Only the lines in the entries below from the line with "Rehabilitation Pros and Cons" to the line with "Trending Linear Guide Rail Manufacturer", both included, belong in the answer, transcribed exactly and without pictures.

Data shown:
****
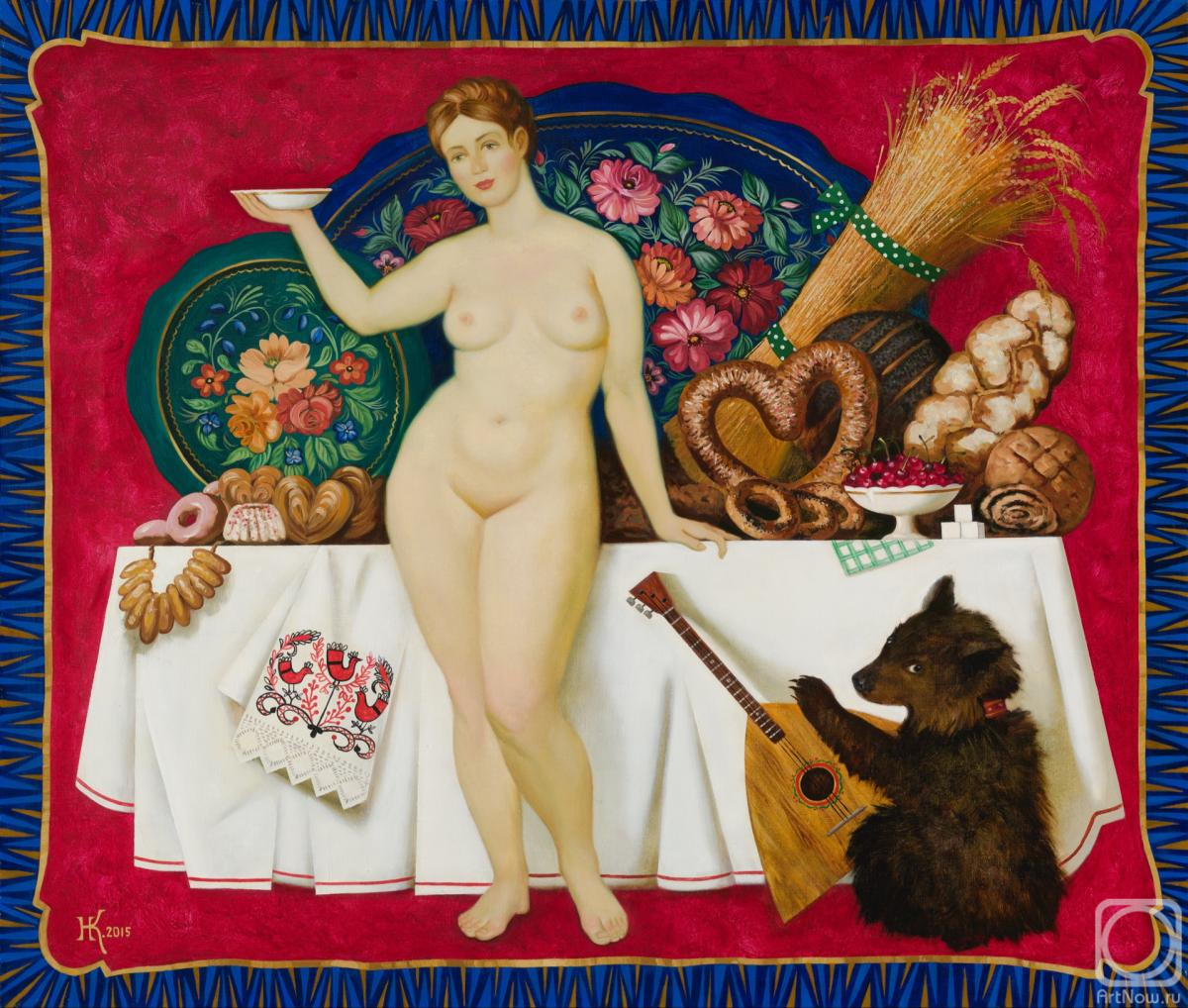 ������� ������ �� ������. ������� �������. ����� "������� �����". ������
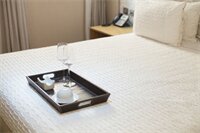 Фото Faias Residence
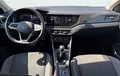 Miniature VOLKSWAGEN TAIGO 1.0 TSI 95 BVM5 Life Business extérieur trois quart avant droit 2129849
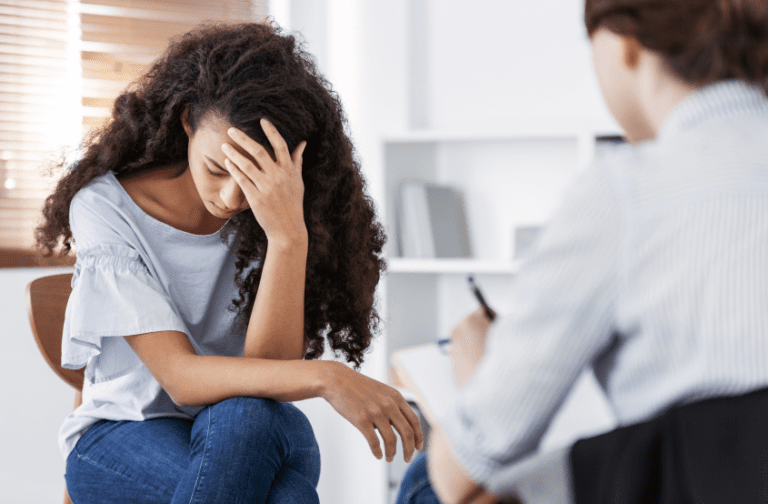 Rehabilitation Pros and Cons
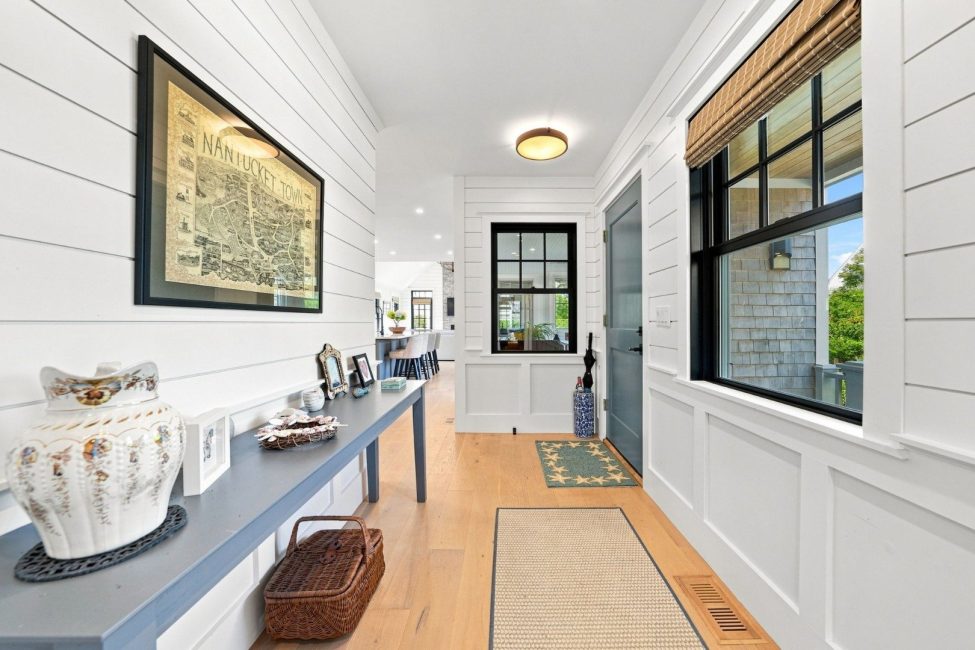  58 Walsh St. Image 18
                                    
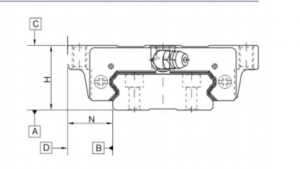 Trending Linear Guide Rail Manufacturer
****
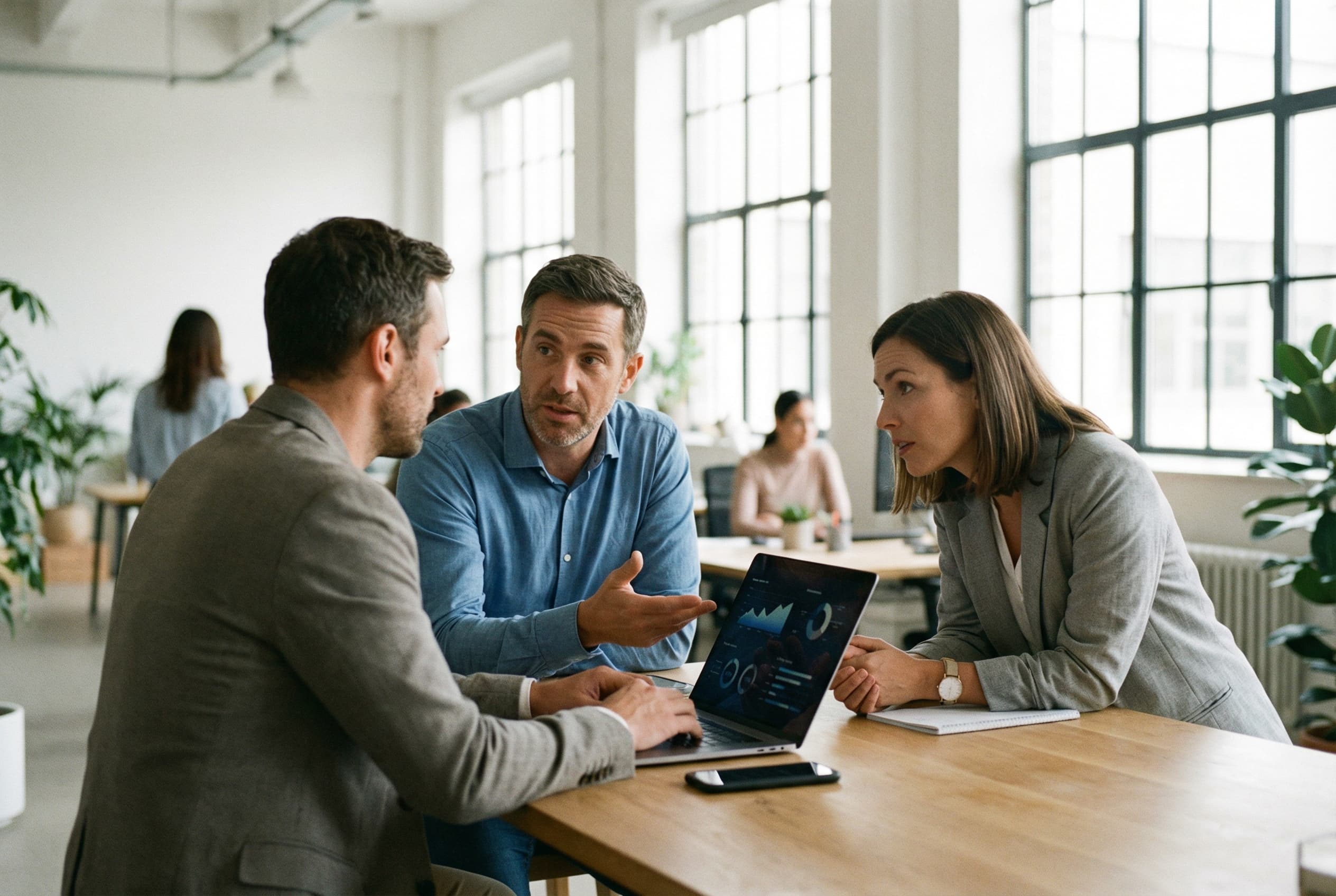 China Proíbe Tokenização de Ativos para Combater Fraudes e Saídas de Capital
****
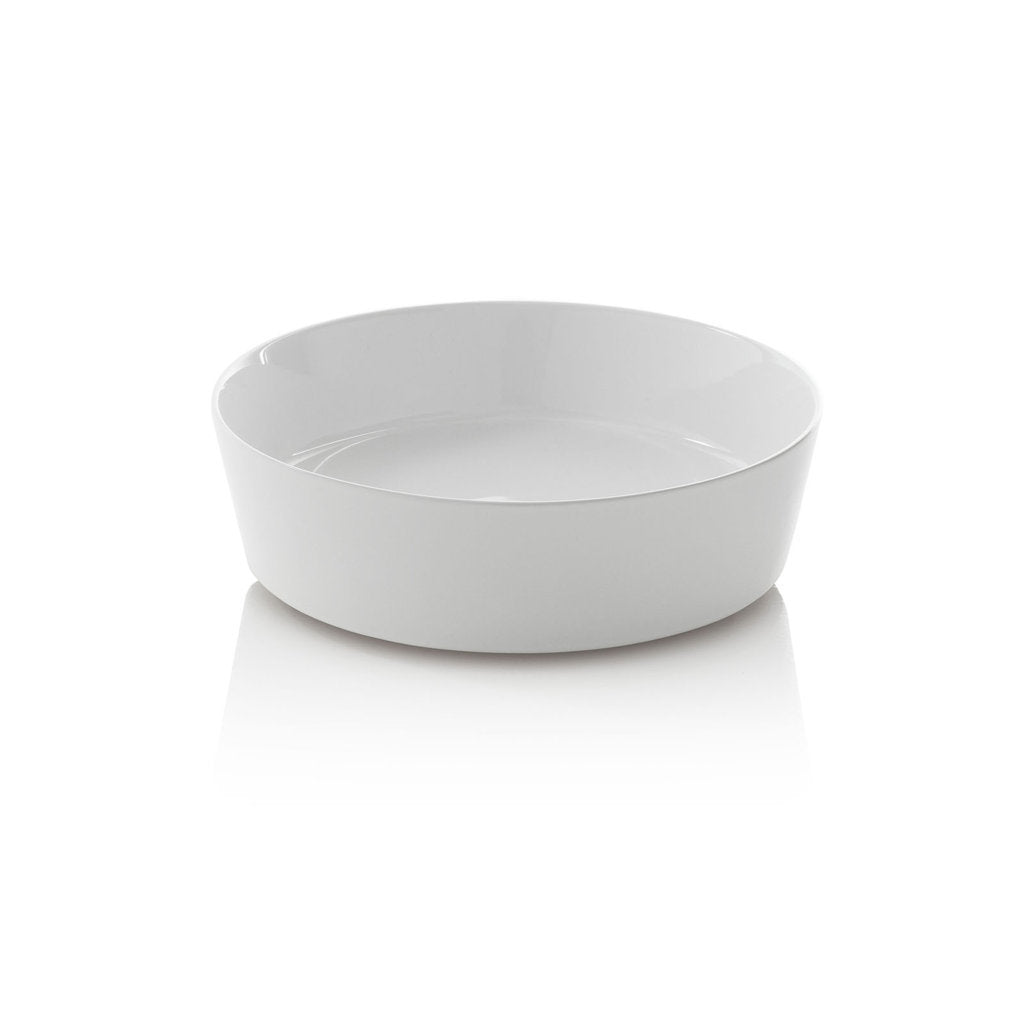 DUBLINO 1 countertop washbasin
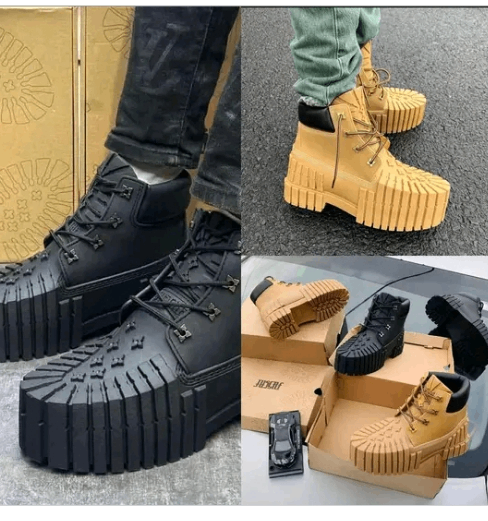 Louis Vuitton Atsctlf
****
Worked solution:
 Rehabilitation Pros and Cons
  58 Walsh St. Image 18
                                    
 Trending Linear Guide Rail Manufacturer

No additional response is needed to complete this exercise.